#### WHAT TO PRODUCE:
Make an exact copy of all the records that follow, apart from the pictures.

Records from a data collection

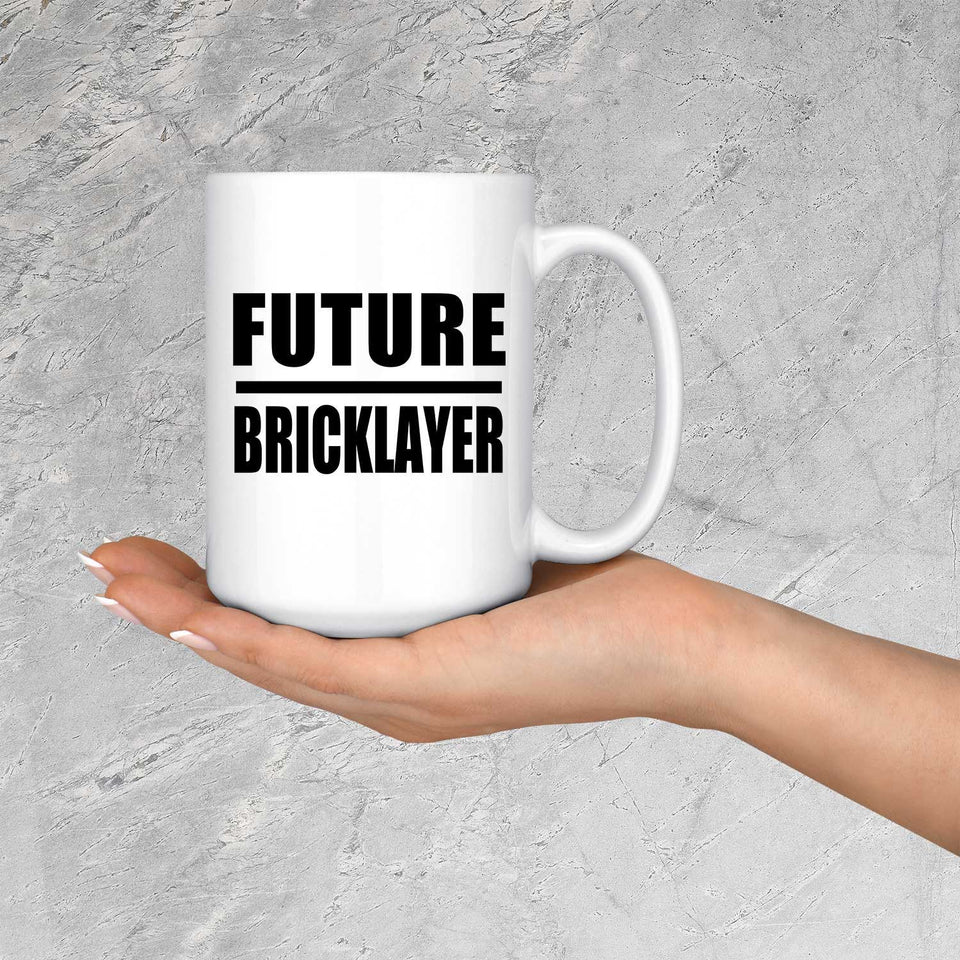 Future Bricklayer - 15oz Coffee Mug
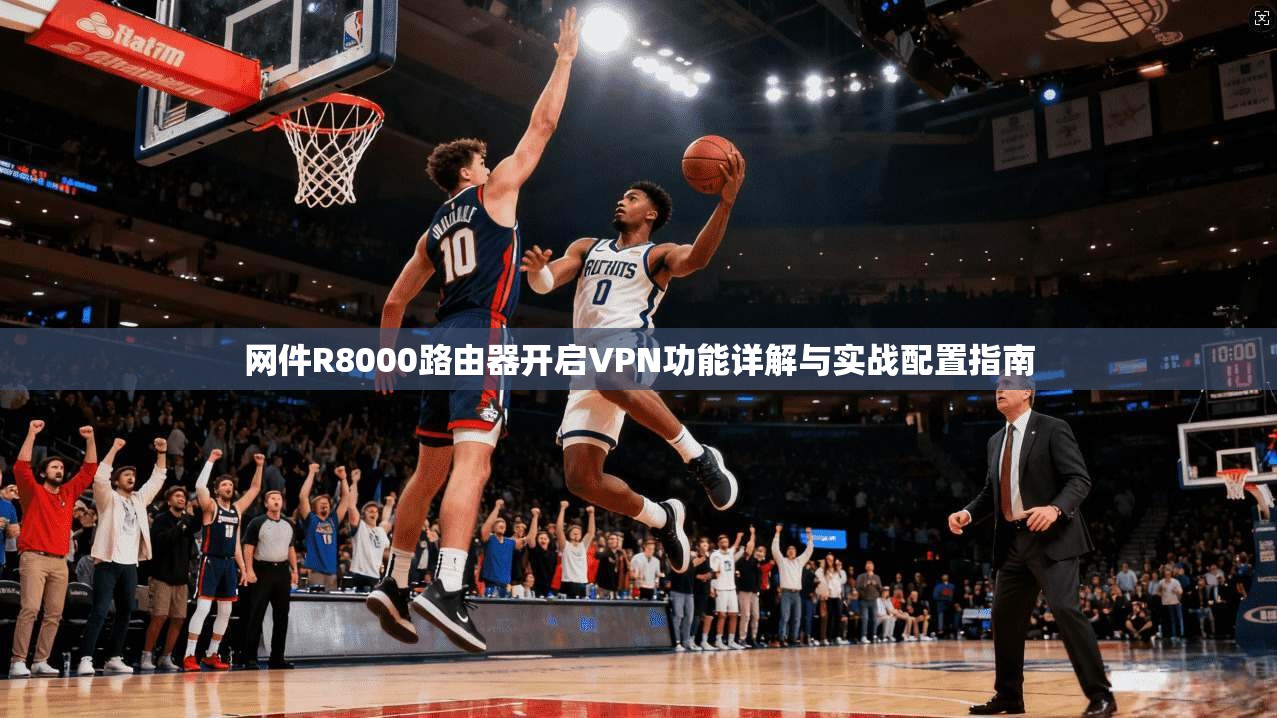 网件R8000路由器开启VPN功能详解与实战配置指南
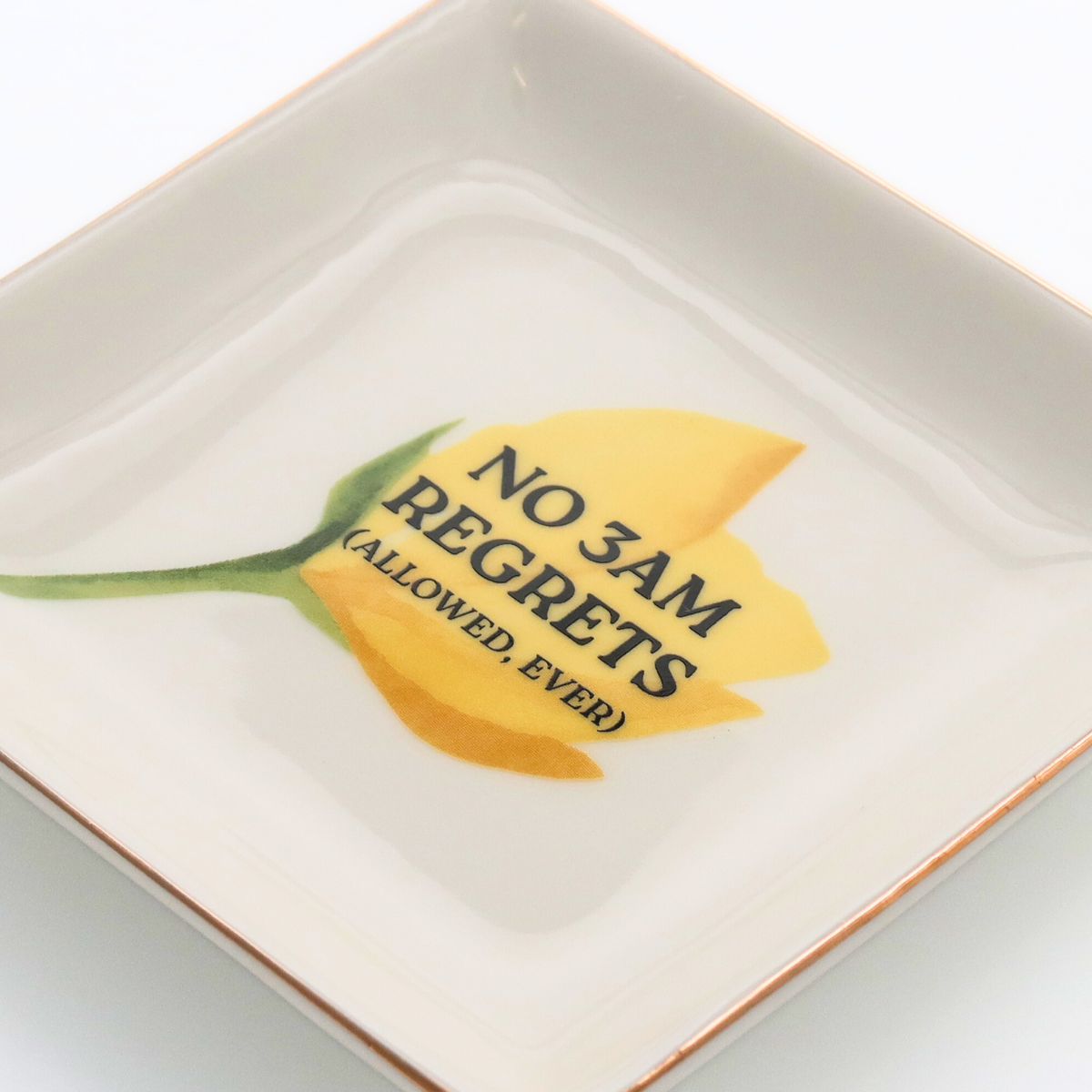 Square Trinket Tray NO 3AM REGRETS (ALLOWED, EVER)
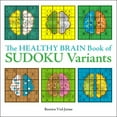 thumbnail image 2 of Pre-Owned The Healthy Brain Book of Sudoku Variants (Paperback) 1454944641 9781454944645, 2 of 2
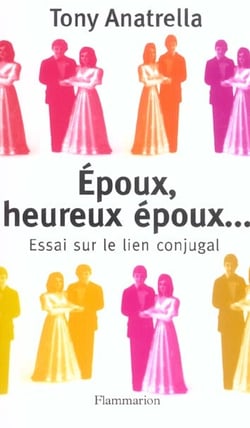 Époux, heureux époux... : Essai sur le lien conjugal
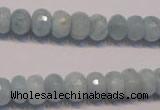 CAQ307 15.5 inches 6*10mm faceted rondelle natural aquamarine beads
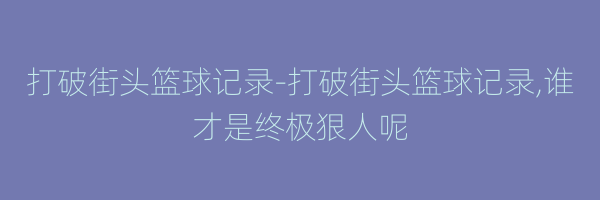 打破街头篮球记录-打破街头篮球记录,谁才是终极狠人呢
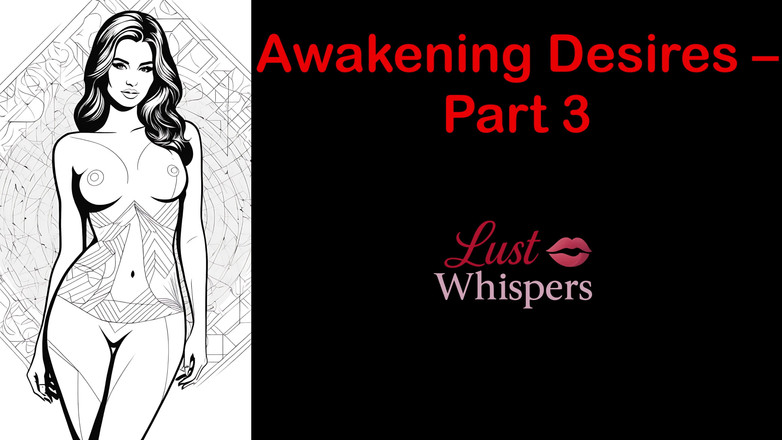 LustWhispers: Awakening Desires - Part 3 - English Audio Story with Subtitle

#### SOLUTION FOR THIS PROBLEM:
 Future Bricklayer - 15oz Coffee Mug
 网件R8000路由器开启VPN功能详解与实战配置指南
 Square Trinket Tray NO 3AM REGRETS (ALLOWED, EVER)
 thumbnail image 2 of Pre-Owned The Healthy Brain Book of Sudoku Variants (Paperback) 1454944641 9781454944645, 2 of 2
 Époux, heureux époux... : Essai sur le lien conjugal
 CAQ307 15.5 inches 6*10mm faceted rondelle natural aquamarine beads
 打破街头篮球记录-打破街头篮球记录,谁才是终极狠人呢
 LustWhispers: Awakening Desires - Part 3 - English Audio Story with Subtitle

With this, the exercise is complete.